Sir William Withey Gull.
Gull rose from very humble beginnings to being physician to the Royal Family. He was born aboard The Dove, a canal barge, moored near St Osyth Mill, Saint Leonard, Colchester, Essex on 31 Dec 1816. He was a very wealthy man at the time of his death on 29 Jan 1890. When his will was probated he left an estate valued at just over £340,000 - an enormous sum in those days.
William Withey Gull became a Fullerian Professor of Physiology in 1847 and, in 1848, he gave the Gulstonian lectures (on paralysis) before the Royal College of Physicians.
Gull is also distantly related to Fuller - his daughter Caroline Cameron Gull married Dr. Theodore Dyke Acland who the first cousin three times removed of Fuller’s brother-in-law Sir John Palmer Acland. It was son-in-law Dr Theodore Dyke Acland who, continuing his father Sir Henry Wentworth Dyke Acland’s work, wrote the definitive biography of Dr Gull.
"Sir William Gull coined the name 'anorexia nervosa'. Examples of self-starvation appeared in the Hellenistic era. Holy anorexics abused their bodies, rejected marriage and sought religious asylum where many perished and became saints. The condition then paled into obscurity until the 19th century. Louis-Victor Marce (1828-1864) described such a patient in 1859, but Richard Morton is generally credited with the first medical description of anorexia nervosa in 1689." JMS Pearce, European Neurology, 2004;52(4):191-2. Epub 2004 Nov 10.
His name is given to Gull’s Disease (Myxoedema)– an adult form of hypothyroidism that affects females six times more frequently than males. He conducted extensive research into the causes of paraplegia and categorized it into three distinct types - spinal, peripheral and encephalic. For more on Gull's medical work read Sir William Withey Gull ( 1816 - 1890) by JMS Pearce.
Dr Gull’s service to the Royal Family led to two things – his being created a baronet, and speculation that he was involved with the Jack the Ripper case.
He was created baronet in 1872 after successfully treating the Prince of Wales, Albert Edward (later King Edward VII) for typhoid, the previous year. He was also Queen Victoria’s personal physician. These two patients contributed to his becoming wealthier than any English doctor before him.
Royal and Masonic conspiracies abound in Jack the Ripper theories and have been much played up in fiction written about the "Whitechapel Murders". At the time of the first murder, 4 April 1888, Gull was 72 years old and already suffered partial paralysis from a stroke. Gull died more than a year before the final murder was committed on February 13, 1891.
In 1970, Dr. T.E.A. Stowell theorized that Prince Albert Victor (son of Prince of Wales, Albert Edward and grandson of Queen Victoria) was Jack the Ripper.

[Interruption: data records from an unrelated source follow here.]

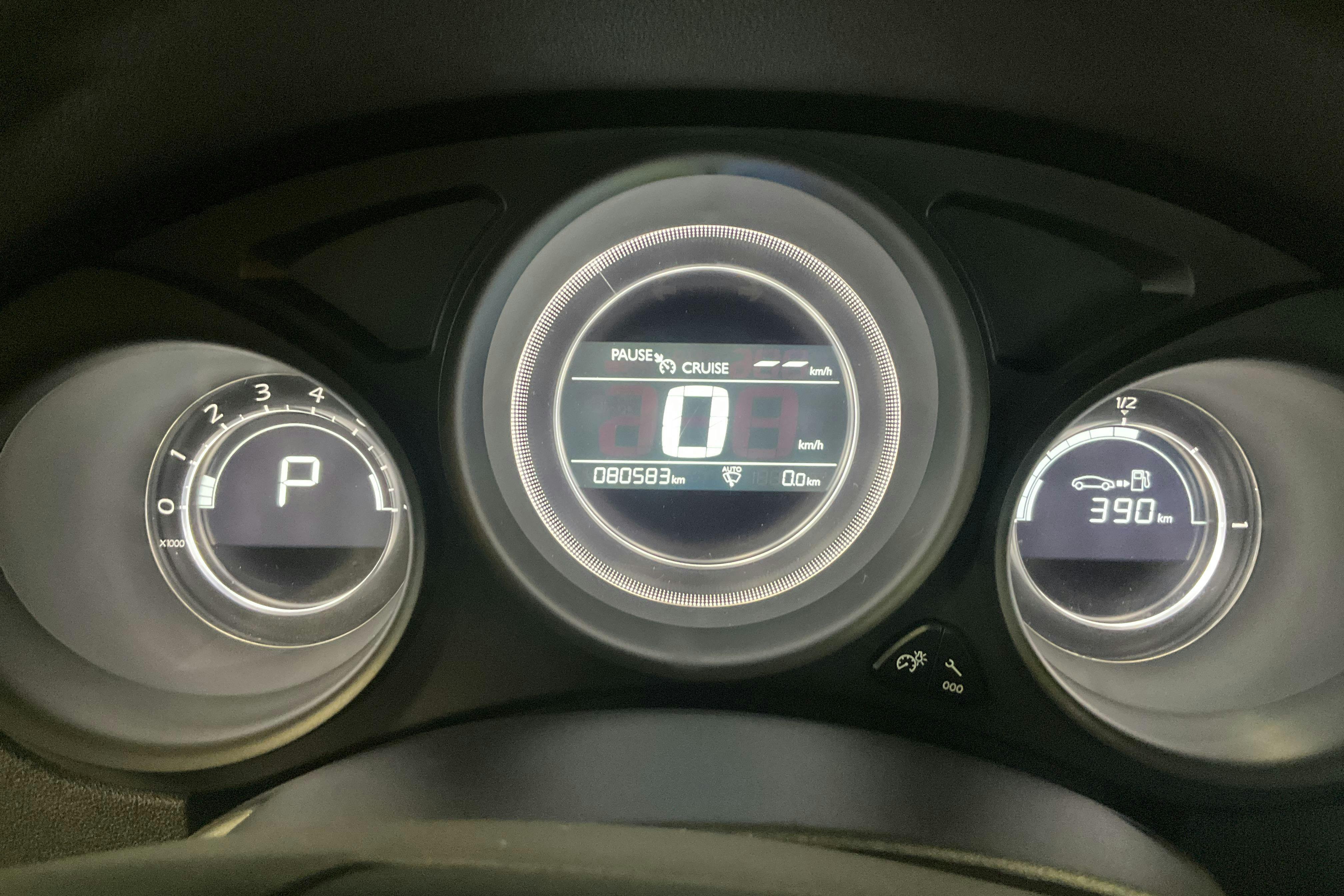 Vehicle Image 10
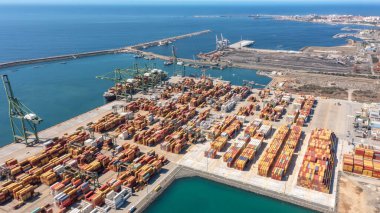17 Ekim 2023 Sines Setubal, Portekiz 'deki ticari liman, ticari lojistik ve ulaşım sanayisinin konteynır kargo terminalinin hava görüntüsü. Yüksek kalite 4k görüntü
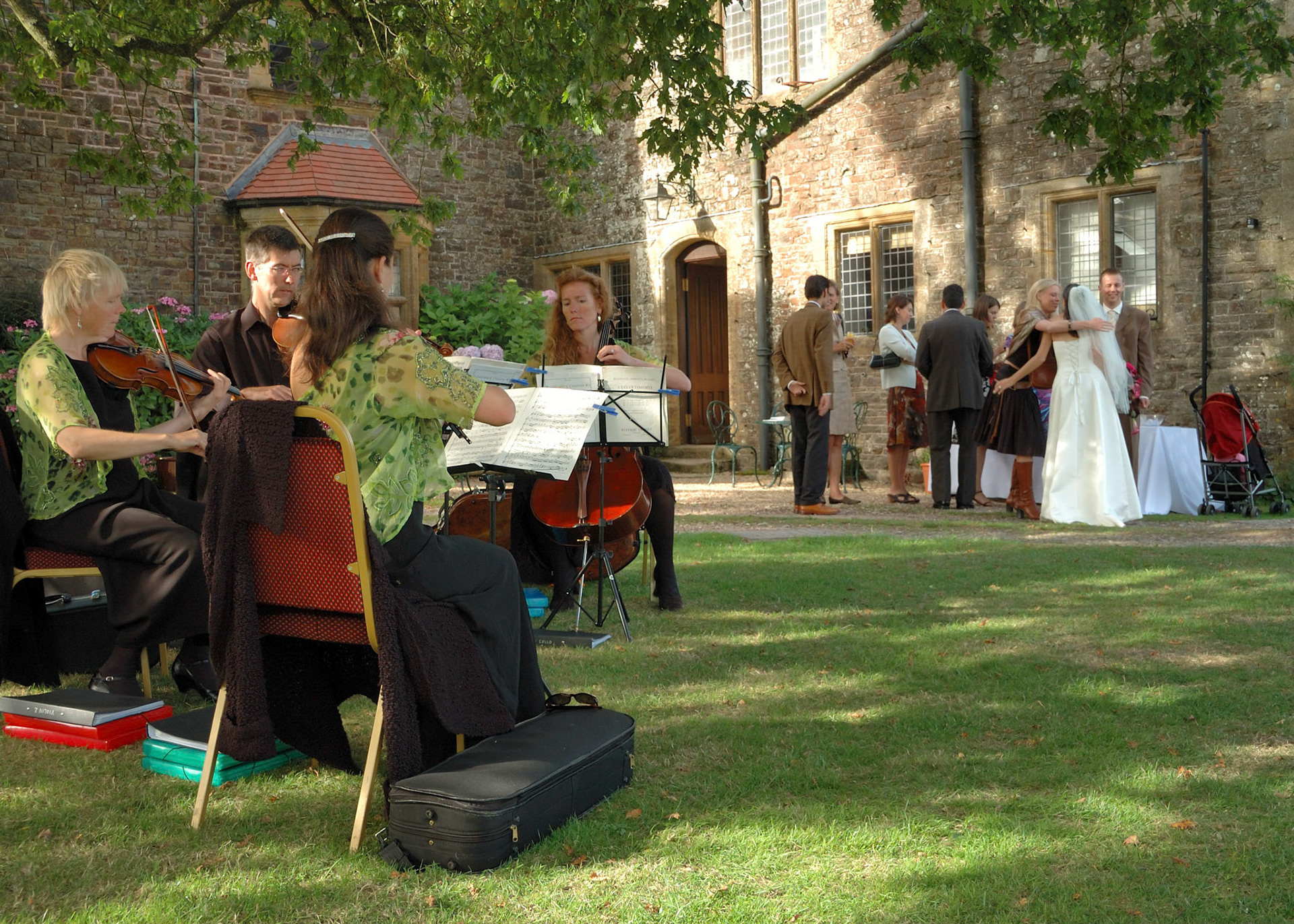 2006-09-02 - Sarah Wed - 0127 - CSH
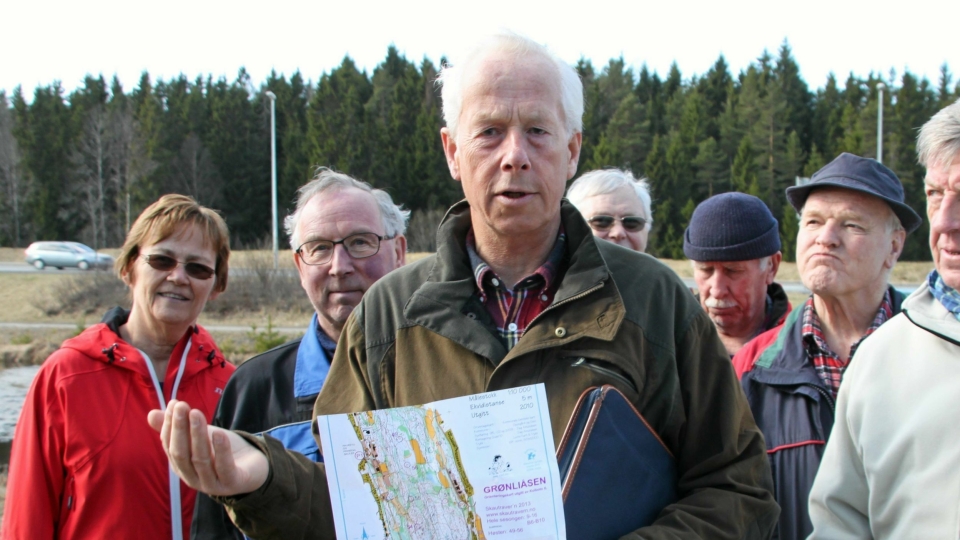 ENGASJERT: Harald Lundstedt i FNF ( i midten), her fotogfrafert i forbindelse med en protest rundt mulig utbygging på Taraldrud, reiser spørsmål i forbindelse med Taraldrud igjen.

"Stowell claimed that Albert Victor had contracted syphilis after a visit to the West Indies, that it had driven him insane, and that in this state of mind he had perpetrated the five "canonical" Jack the Ripper murders. Stowell wrote that following the murders of 30 September 1888, Albert Victor was restrained by his own family in an institution in the south of England, but later escaped to commit the final murder on 9 November. Stowell further claimed that Albert Victor died of syphilis, and gave as his source an account written in private by Sir William Gull, a reputable physician who had treated members of the royal family." Source: Wikipedia
Gull’s role in this account can be easily dismissed – he died two years before the Prince and so did not witness his death.
Unfortunately, many writers refuse to let truth get in the way of a good story, and so the good name of a successful and learned physician, a Fullerian Professor who made great contributions to science, Dr William Withey Gull, has been co-opted in to the realm of thriller fiction.